(Brief descriptive captions)
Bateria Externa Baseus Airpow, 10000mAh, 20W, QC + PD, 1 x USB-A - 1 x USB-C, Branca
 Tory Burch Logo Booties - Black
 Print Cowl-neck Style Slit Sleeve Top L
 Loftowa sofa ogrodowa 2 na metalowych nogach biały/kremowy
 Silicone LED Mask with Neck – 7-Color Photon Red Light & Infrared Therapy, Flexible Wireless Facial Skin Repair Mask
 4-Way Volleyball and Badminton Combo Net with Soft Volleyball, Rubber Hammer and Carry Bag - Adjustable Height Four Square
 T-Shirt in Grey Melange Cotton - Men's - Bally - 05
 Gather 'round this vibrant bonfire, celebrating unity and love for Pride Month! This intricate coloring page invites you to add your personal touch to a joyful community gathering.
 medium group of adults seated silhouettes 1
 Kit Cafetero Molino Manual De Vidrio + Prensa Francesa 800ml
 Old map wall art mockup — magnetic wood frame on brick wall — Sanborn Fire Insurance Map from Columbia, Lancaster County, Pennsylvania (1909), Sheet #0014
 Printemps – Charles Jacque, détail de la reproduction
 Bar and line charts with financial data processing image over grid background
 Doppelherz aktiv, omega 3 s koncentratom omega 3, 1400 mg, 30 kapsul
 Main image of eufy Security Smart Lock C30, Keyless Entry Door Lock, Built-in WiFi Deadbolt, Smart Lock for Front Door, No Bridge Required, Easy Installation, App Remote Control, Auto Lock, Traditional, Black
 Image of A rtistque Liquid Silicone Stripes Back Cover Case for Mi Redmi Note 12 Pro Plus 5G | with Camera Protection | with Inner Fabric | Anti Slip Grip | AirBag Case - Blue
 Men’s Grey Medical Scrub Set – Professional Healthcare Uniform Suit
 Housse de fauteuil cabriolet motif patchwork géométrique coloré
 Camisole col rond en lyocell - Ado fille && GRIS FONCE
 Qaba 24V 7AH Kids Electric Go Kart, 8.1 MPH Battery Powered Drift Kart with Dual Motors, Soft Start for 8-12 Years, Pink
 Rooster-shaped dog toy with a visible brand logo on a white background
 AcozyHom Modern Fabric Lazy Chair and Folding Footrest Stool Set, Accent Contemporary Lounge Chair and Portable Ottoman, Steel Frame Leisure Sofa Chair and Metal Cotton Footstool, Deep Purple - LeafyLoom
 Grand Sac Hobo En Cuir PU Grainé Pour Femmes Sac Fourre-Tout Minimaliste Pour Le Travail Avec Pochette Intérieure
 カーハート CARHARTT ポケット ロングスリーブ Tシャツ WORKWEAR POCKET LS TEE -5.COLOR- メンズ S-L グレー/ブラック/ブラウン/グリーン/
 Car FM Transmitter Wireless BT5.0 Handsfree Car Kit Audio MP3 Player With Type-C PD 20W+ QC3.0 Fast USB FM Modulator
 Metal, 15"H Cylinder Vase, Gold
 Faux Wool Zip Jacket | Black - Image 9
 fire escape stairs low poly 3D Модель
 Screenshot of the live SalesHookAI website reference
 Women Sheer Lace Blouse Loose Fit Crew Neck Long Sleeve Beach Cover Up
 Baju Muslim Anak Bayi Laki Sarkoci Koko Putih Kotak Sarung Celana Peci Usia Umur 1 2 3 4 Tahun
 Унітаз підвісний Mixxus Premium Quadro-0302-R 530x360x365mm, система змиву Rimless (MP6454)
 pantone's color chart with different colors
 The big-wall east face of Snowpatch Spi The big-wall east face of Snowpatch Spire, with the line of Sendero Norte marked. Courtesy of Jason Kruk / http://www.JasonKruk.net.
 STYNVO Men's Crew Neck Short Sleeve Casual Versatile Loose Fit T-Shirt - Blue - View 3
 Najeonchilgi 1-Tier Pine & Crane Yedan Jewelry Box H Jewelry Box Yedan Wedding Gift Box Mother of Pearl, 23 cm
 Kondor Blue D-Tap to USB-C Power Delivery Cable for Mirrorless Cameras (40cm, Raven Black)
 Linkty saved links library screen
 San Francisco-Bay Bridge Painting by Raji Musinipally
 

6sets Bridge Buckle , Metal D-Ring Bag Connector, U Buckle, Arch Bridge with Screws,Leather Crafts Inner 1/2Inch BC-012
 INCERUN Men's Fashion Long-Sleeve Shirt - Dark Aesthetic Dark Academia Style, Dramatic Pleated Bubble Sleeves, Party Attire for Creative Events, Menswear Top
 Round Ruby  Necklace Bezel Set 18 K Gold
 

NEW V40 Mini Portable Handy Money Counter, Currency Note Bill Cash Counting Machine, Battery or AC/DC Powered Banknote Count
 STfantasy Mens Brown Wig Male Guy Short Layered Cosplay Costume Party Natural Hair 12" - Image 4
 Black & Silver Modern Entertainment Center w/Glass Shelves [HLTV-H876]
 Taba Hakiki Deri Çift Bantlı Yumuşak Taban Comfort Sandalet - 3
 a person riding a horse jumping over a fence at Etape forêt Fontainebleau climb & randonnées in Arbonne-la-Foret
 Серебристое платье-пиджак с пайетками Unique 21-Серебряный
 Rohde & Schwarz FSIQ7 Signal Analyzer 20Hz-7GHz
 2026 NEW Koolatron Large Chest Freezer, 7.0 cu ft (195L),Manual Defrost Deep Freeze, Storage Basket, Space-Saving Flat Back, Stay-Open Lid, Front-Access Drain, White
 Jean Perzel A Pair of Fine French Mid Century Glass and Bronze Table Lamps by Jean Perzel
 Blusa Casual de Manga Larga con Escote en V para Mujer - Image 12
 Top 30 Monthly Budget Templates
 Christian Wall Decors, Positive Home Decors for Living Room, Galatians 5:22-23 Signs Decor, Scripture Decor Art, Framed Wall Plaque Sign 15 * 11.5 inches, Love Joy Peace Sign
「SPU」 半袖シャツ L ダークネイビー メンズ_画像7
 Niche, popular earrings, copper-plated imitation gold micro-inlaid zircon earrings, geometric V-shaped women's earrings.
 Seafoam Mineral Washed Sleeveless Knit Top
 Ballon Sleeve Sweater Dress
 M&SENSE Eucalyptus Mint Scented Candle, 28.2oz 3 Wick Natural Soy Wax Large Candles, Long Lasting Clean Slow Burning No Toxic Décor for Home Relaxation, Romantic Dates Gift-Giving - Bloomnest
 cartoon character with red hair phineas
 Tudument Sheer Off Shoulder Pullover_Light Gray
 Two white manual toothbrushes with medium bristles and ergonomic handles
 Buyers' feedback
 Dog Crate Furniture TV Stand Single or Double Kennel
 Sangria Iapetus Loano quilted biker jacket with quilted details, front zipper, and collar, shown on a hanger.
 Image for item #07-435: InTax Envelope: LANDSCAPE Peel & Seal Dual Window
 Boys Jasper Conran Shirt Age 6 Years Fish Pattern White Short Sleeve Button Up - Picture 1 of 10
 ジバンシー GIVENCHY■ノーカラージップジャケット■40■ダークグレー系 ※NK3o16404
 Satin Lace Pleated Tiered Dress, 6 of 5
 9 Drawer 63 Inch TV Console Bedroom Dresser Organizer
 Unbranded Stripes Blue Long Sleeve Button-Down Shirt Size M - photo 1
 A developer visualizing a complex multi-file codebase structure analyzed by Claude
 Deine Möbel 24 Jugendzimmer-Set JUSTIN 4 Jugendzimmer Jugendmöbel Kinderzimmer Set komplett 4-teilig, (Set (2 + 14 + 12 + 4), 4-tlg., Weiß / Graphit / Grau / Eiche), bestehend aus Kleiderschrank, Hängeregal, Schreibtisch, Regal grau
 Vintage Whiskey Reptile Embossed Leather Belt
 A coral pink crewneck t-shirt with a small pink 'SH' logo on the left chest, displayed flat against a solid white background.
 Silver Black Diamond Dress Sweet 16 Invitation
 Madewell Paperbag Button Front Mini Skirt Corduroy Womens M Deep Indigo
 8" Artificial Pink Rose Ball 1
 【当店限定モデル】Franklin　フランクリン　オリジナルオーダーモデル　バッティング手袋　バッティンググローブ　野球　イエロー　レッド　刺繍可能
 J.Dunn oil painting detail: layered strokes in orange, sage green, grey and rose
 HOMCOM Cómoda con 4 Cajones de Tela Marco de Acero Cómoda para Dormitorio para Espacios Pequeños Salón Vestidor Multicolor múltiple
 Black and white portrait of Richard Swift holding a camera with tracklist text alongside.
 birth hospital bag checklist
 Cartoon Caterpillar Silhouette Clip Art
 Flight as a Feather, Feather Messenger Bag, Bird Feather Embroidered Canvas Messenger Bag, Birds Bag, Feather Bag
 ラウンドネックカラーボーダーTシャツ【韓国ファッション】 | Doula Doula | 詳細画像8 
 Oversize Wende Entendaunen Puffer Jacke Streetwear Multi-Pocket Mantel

PROBLEM TO SOLVE. Reproduce exactly the lines above from the line with "Top 30 Monthly Budget Templates" to the line with "Image for item", including both, and add nothing.

OUTPUT FOR THIS TASK.
 Top 30 Monthly Budget Templates
 Christian Wall Decors, Positive Home Decors for Living Room, Galatians 5:22-23 Signs Decor, Scripture Decor Art, Framed Wall Plaque Sign 15 * 11.5 inches, Love Joy Peace Sign
「SPU」 半袖シャツ L ダークネイビー メンズ_画像7
 Niche, popular earrings, copper-plated imitation gold micro-inlaid zircon earrings, geometric V-shaped women's earrings.
 Seafoam Mineral Washed Sleeveless Knit Top
 Ballon Sleeve Sweater Dress
 M&SENSE Eucalyptus Mint Scented Candle, 28.2oz 3 Wick Natural Soy Wax Large Candles, Long Lasting Clean Slow Burning No Toxic Décor for Home Relaxation, Romantic Dates Gift-Giving - Bloomnest
 cartoon character with red hair phineas
 Tudument Sheer Off Shoulder Pullover_Light Gray
 Two white manual toothbrushes with medium bristles and ergonomic handles
 Buyers' feedback
 Dog Crate Furniture TV Stand Single or Double Kennel
 Sangria Iapetus Loano quilted biker jacket with quilted details, front zipper, and collar, shown on a hanger.
 Image for item #07-435: InTax Envelope: LANDSCAPE Peel & Seal Dual Window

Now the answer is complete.